• **GOAL OF THE EXERCISE**
Those lines of the data that hold the word "with" are to be copied out.

Items listed in a dataset:
****************

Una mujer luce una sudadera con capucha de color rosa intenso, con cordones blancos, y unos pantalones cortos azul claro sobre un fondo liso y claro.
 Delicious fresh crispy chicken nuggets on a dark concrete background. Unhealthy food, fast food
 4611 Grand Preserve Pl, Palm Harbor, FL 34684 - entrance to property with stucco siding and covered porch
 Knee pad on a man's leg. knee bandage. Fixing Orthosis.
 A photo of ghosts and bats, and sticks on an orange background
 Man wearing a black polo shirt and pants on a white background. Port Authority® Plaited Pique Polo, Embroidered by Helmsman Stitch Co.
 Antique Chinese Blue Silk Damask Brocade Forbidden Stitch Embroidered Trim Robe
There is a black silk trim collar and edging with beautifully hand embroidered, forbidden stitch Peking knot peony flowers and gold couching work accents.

****************

• **RESPONSE AREA**
 4611 Grand Preserve Pl, Palm Harbor, FL 34684 - entrance to property with stucco siding and covered porch
There is a black silk trim collar and edging with beautifully hand embroidered, forbidden stitch Peking knot peony flowers and gold couching work accents.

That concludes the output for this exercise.